When the new oven was hooked up to the portable gas supply, I was the only one allowed to use it as a) I was good at reading instruction manuals b) I was good at reading cookbooks and c) my mother had no patience with weighing scales.
These days you can find bakeries everywhere in KL, and what surprises me is their varied locations. From large air-conditioned shopping malls to narrow side roads in housing estates, there is no predicting in which location you might find a popular cafe or bakery.
This afternoon I visited a bistro-cafe whose address features the plot of land it sits on. That B Land is called B Land is already an inauspicious start. Capitalise the letters and you get B LAND. That word is a strict no-no as far as food description is concerned.
Then there is the location. As KL Sister turned the corner into Jalan 51a/ 225 (what a mouthful of numbers) I asked her: where exactly are you taking me to? She said she had no idea either, she was just following Ms Waze.
We found ourselves in the middle of an industrial estate, specifically a row of car repair workshops and used car sites. This reminded me somewhat of Seongsu-dong in Seoul, minus the convenience of public transport and without the faded charm of small artisan workshops.
Do not be fooled by facades: these eateries sit on a plot of land that is in the middle of an industrial estate
Nippori Bistro was almost completely full when we entered, but we were given a table for one precious hour. I had not thought to book, foolishly assuming that the place would be half empty on a Monday afternoon. How wrong I was. It was full of young courting couples enjoying a late lunch and each other’s company.

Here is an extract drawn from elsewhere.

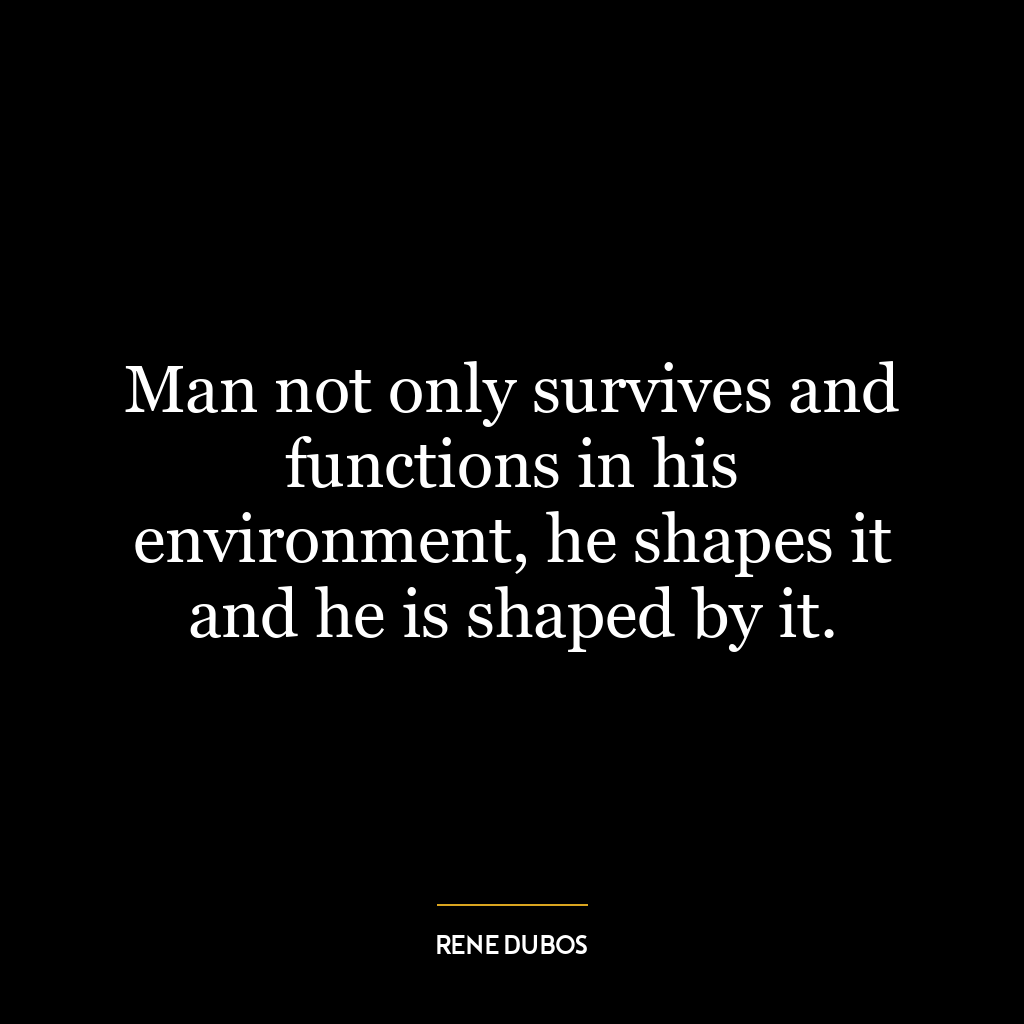 Man not only survives and functions in his environment, he shapes it and he is shaped by it.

Surveying the glass display cabinets I wondered how we were going to pick just two items to share. All the usual suspects were there: tiramisu (classic and matcha), fruit tarts, cream-filled sponge cakes, cheesecakes, brownies and something called Monalisa. Kyoto Monalisa is a green tea mousse and Belgian Monalisa is a chocolate mousse, both on a sponge base. Hats off to the chef for giving such an imaginative name to a cake. It seems that you can order the cakes via WhatsApp for delivery too, which is something I would definitely consider.
A very large and humourous painting of a fat Mona Lisa hangs on one wall.
Why did Mona Lisa have that enigmatic smile? Was it because she knew that after sitting for her portrait she could stuff her face with food and wine?
What we shared: mango tart, burnt cheese honey chiffon and a pot of Japanese sencha with cherry blossoms
Some of the other cakes
Next time I will try the croissant and banana cake…and drink more of that lovely cherry blossom tea
There are other eateries in the same block, but I did not have the time to explore any further. Tomorrow I hope to meet Hong Kong Cousin for breakfast. I think it might be in an industrial site as well.